** Record set follows **

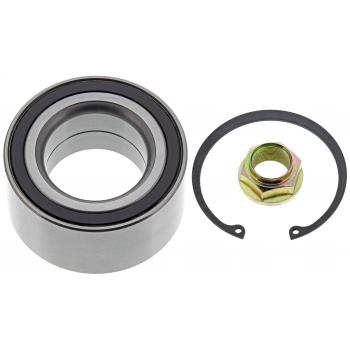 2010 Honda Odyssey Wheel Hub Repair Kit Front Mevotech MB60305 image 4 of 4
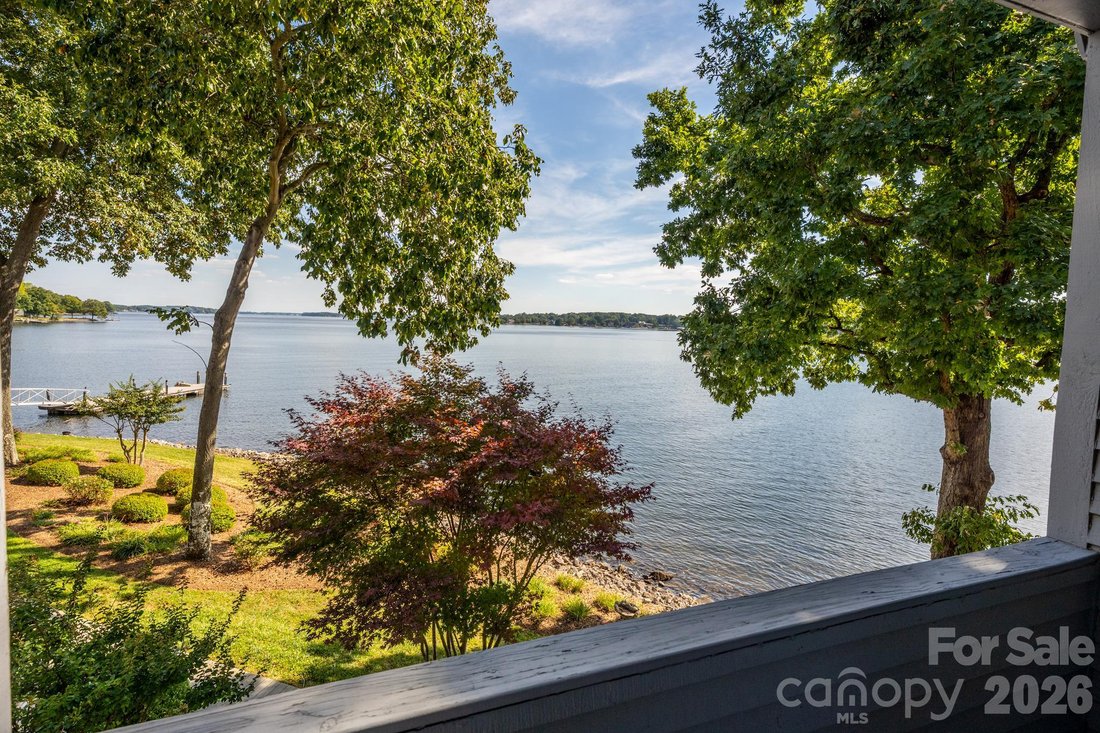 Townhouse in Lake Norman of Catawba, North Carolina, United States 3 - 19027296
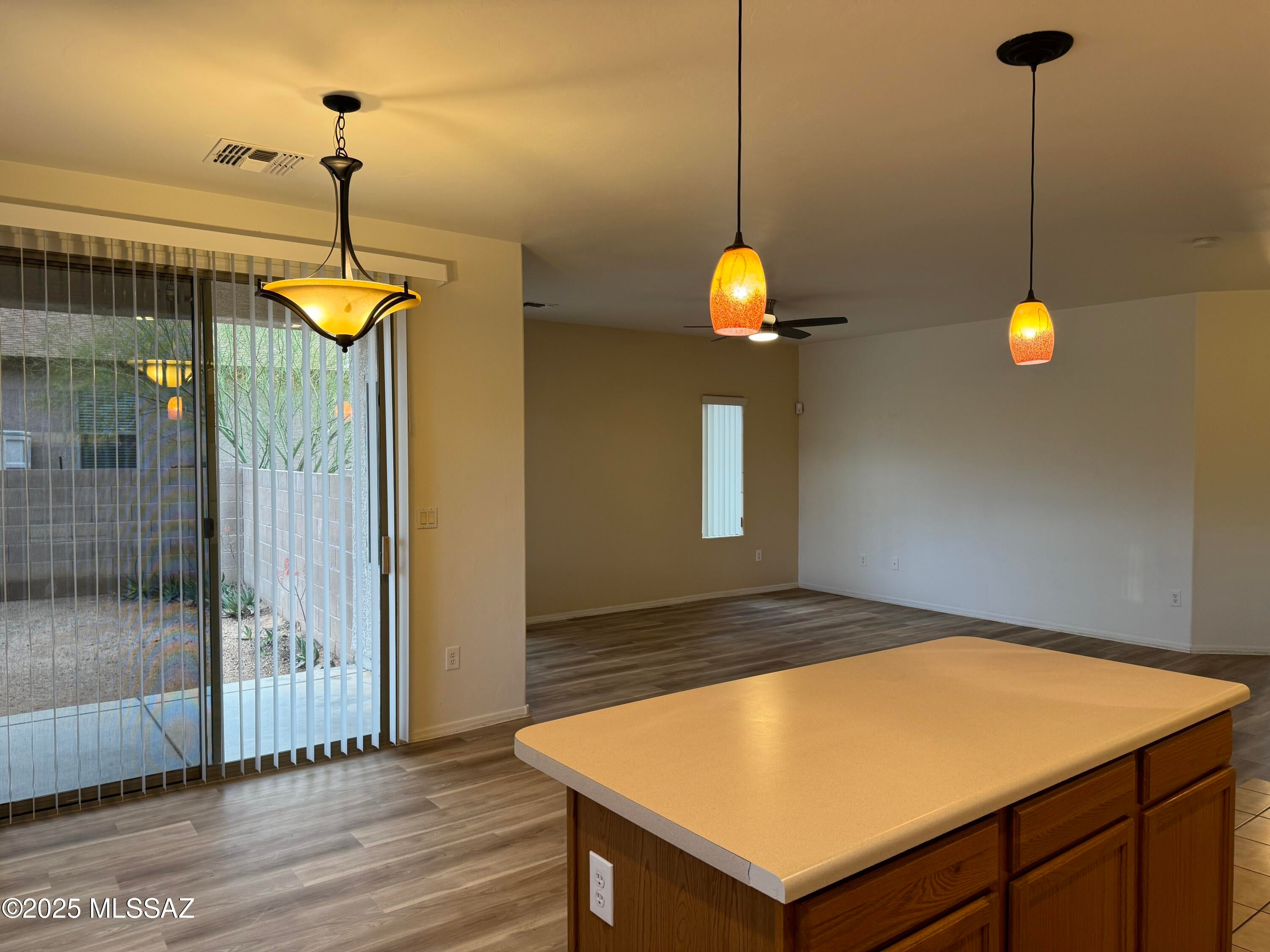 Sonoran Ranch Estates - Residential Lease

** End of Record set **
** Record set follows **

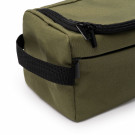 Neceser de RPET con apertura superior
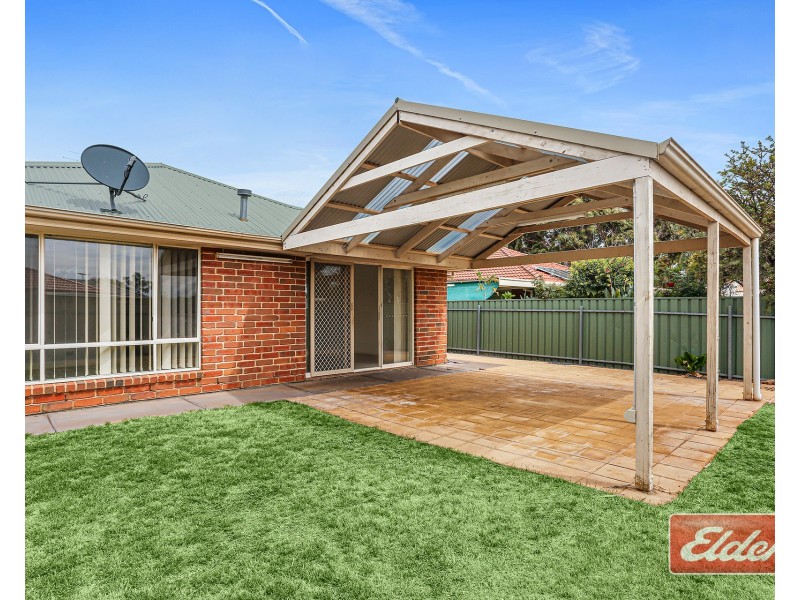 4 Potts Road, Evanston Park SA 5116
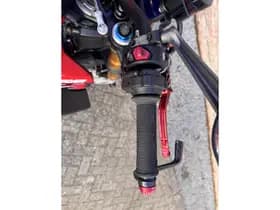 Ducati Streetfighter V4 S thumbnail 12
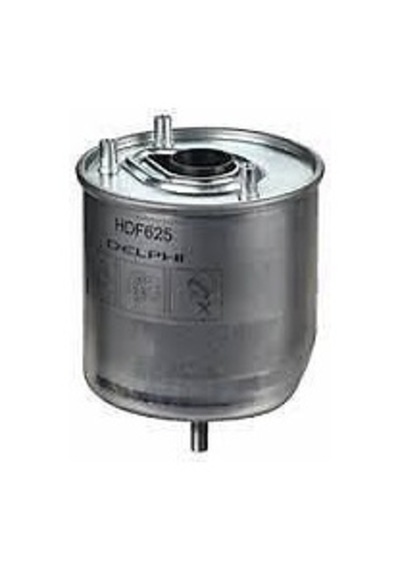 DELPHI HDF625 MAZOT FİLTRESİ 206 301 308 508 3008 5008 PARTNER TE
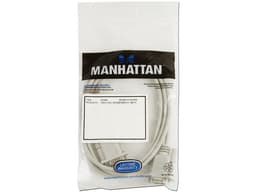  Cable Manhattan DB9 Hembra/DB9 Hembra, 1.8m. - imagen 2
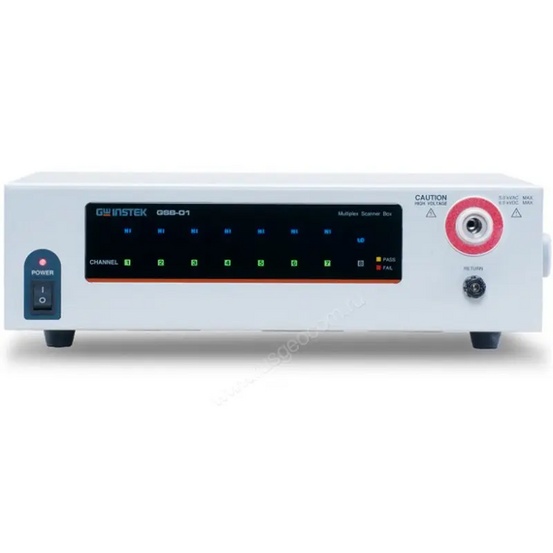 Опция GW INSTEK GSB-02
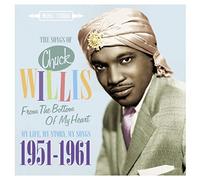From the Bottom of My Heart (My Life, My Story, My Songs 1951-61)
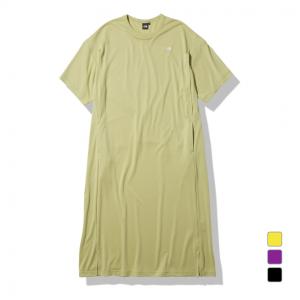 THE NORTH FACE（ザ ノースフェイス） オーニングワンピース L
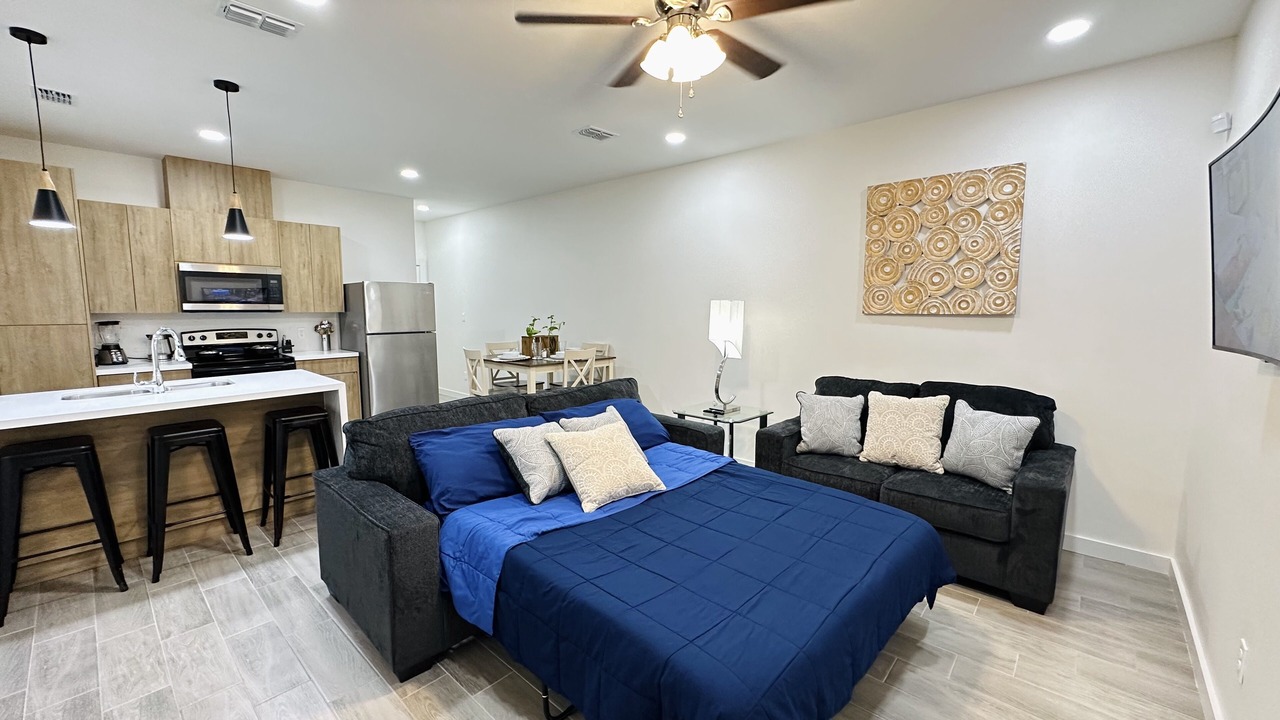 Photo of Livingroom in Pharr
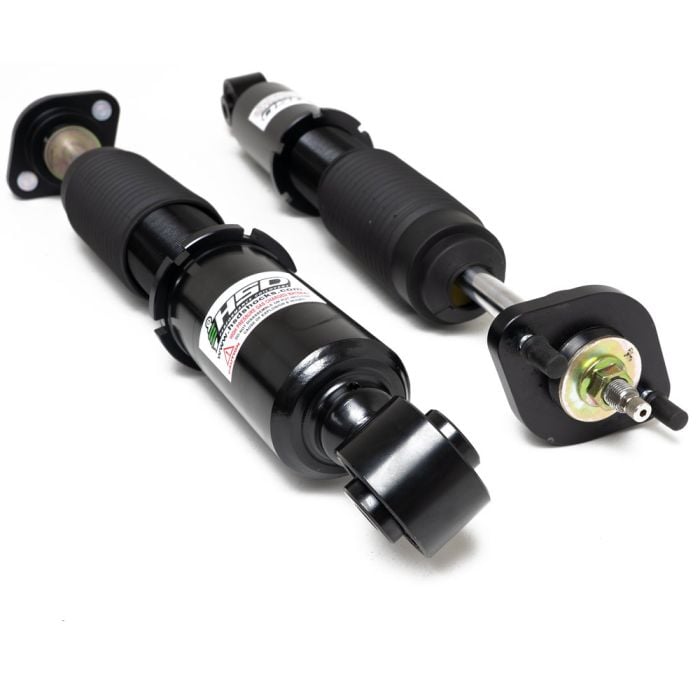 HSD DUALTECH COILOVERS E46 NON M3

** End of Record set **
** Record set follows **

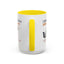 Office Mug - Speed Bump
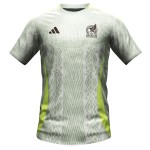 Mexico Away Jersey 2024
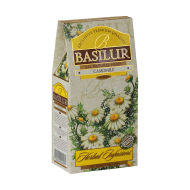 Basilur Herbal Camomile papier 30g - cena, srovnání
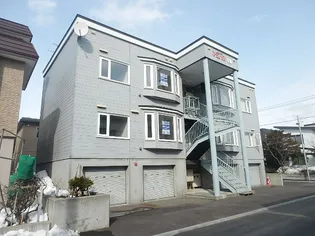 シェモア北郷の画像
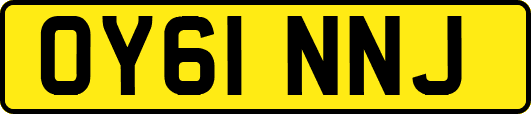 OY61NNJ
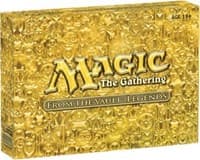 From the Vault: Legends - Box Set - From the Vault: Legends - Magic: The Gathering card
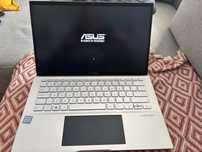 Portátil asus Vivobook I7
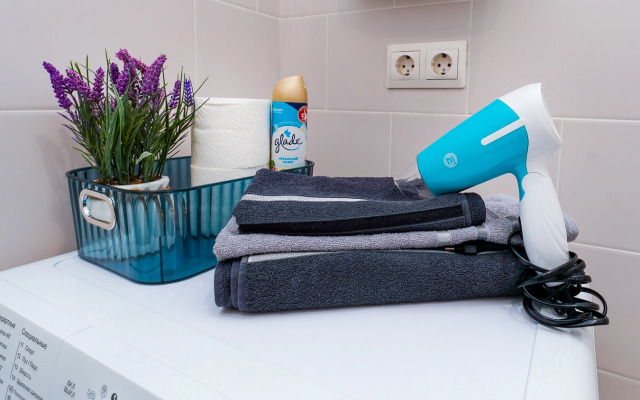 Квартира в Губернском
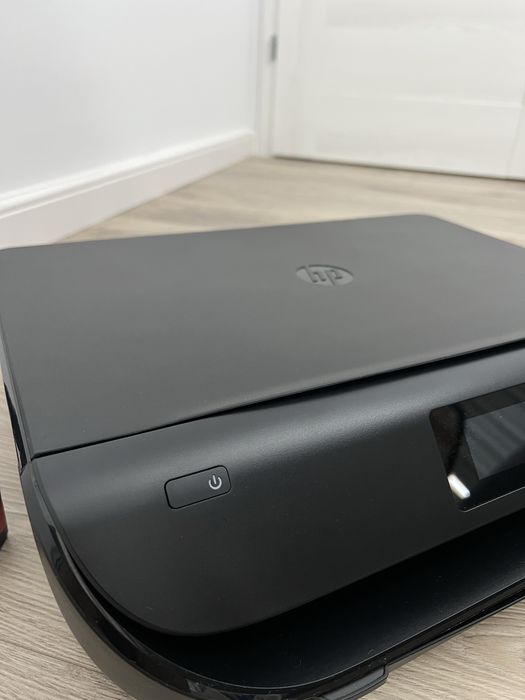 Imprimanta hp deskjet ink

** End of Record set **

### Description of the task
Every line above in the stretch from the one with "2010 Honda Odyssey" through the one with "Sonoran Ranch Estates - Residential Lease" is to be transcribed exactly, ends included. No picture is copied.

### Written solution
 2010 Honda Odyssey Wheel Hub Repair Kit Front Mevotech MB60305 image 4 of 4
 Townhouse in Lake Norman of Catawba, North Carolina, United States 3 - 19027296
 Sonoran Ranch Estates - Residential Lease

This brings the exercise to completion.